Multi-dimensional boxes

Starting with v0.3, multi-dimensional (hyper-)boxes are implemented in the IntervalBox type. These represent Cartesian products of intervals, i.e. rectangles (in 2D), cuboids (in 3D), etc.

IntervalBoxes are constructed from an array of Intervals; it is often convenient to use the .. notation:

julia> X = IntervalBox(1..3, 2..4)
[1, 3] × [2, 4]

julia> Y = IntervalBox(2.1..2.9, 3.1..4.9)
[2.09999, 2.90001] × [3.09999, 4.90001]

Several operations are defined on IntervalBoxes, for example:

julia> X ∩ Y
[2.09999, 2.90001] × [3.09999, 4]

julia> X ⊆ Y
false

To facilitate working with IntervalBoxes, a macro @intervalbox is defined.
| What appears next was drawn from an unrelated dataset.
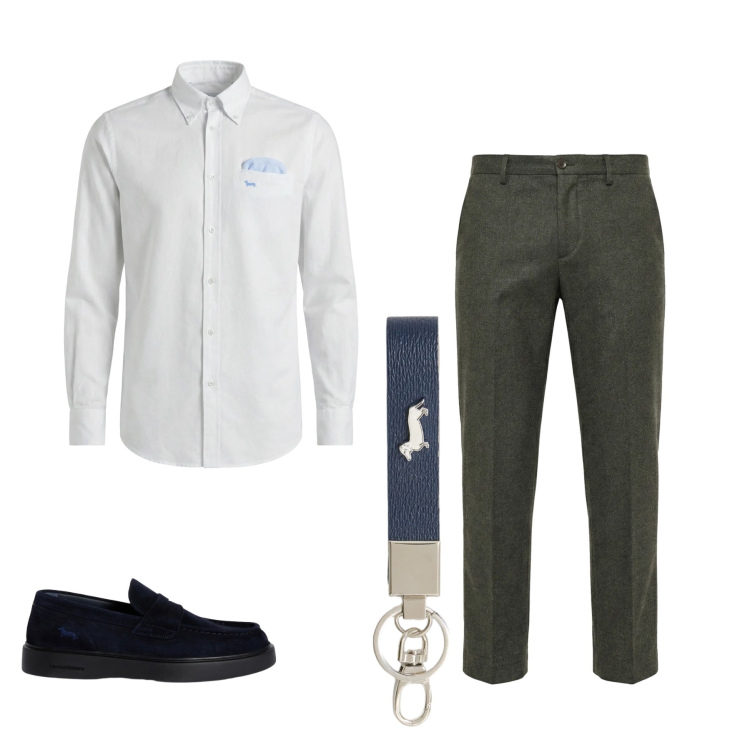 Outfit uomo - Total look #2348921. Stile Casual per Tutti i giorni. Abbinamento con scarpe stringate, pantaloni chino, camicie, portachiavi.
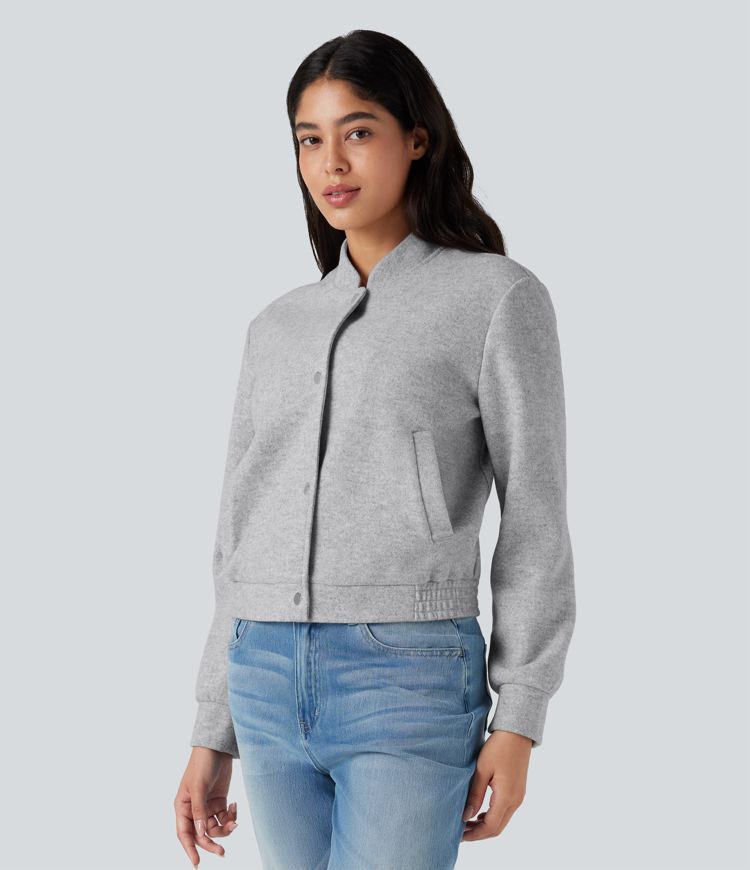 Stand Collar Long Sleeve Fleece Casual Bomber Jacket with Pockets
Given a multi-dimensional function taking several inputs, this creates both the original form and a version that works with a single IntervalBox argument, e.g.

julia> @intervalbox f(x, y) = (x + y, x - y)
f (generic function with 2 methods)

julia> f(1..1, 2..2)  
([3.0, 3.0],[-1.0, -1.0])

julia> X = IntervalBox(1..1, 2..2)
[1.0, 1.0] × [2.0, 2.0]

julia> f(X)
[3.0, 3.0] × [-1.0, -1.0]

The first version takes a tuple of Intervals and returns another tuple of Intervals; the second version takes a single IntervalBox and automatically does the necessary unpacking and packing to return an IntervalBox.